Virgie Tovar, chercheuse et conférencière américaine, est une voix forte du body positive et de la lutte contre la culture des régimes. Elle propose des réflexions sur la grossophobie, la santé à toutes les tailles (Health at Every Size) et la déconstruction des injonctions au régime.
Esther Rothblum, professeure de psychologie à l’Université d’État de San Diego, a mené des travaux sur l’hétéronormativité et la discrimination liée au poids. Son intérêt pour la grossophobie s’inscrit dans la continuité du mouvement Fat Studies et la reconnaissance du bien-être pour tous les corps.

Pourquoi si peu de visibilité ?

La faible médiatisation de ces femmes scientifiques rondes ou obèses s’explique à la fois par la culture académique elle-même et par les stéréotypes dont elles peuvent être victimes. Dans les milieux scientifiques, parler de son corps n’est pas toujours perçu comme légitime. La crainte de voir ses travaux réduits à des considérations personnelles peut également amener certaines à rester discrètes sur leur apparence ou leur engagement.
Comme le soulignent Dr. Cat Pausé et Charlotte Cooper, l’expérience vécue constitue souvent un point d’ancrage essentiel pour mener à bien des recherches critiques, qui vont au-delà des théories abstraites. En se positionnant comme femmes grosses, ces chercheuses affirment la nécessité d’une approche à la fois scientifique et militante pour transformer le regard que la société, y compris universitaire, porte sur le poids.
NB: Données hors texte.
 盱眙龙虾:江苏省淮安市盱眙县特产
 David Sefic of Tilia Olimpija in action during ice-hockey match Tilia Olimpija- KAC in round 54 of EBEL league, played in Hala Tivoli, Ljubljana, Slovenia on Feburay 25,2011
Un impact qui va au-delà de la recherche

L’héritage de ces universitaires et militantes s’étend au-delà des amphithéâtres et des publications scientifiques. Leurs travaux influencent progressivement les politiques de lutte contre la grossophobie, les débats publics autour de la santé, de la beauté et du bien-être, ainsi que les initiatives en faveur de l’inclusivité dans le monde du travail.
En France, la question de la grosseur et du body positive émerge également, même si elle reste moins institutionnalisée que dans certains pays anglophones. On peut espérer que l’essor de collectifs et d’associations dédiées à la taille plus, en complément des recherches en sociologie ou en psychologie, permette de rendre ces figures plus visibles et de susciter des vocations chez les futures générations de chercheuses.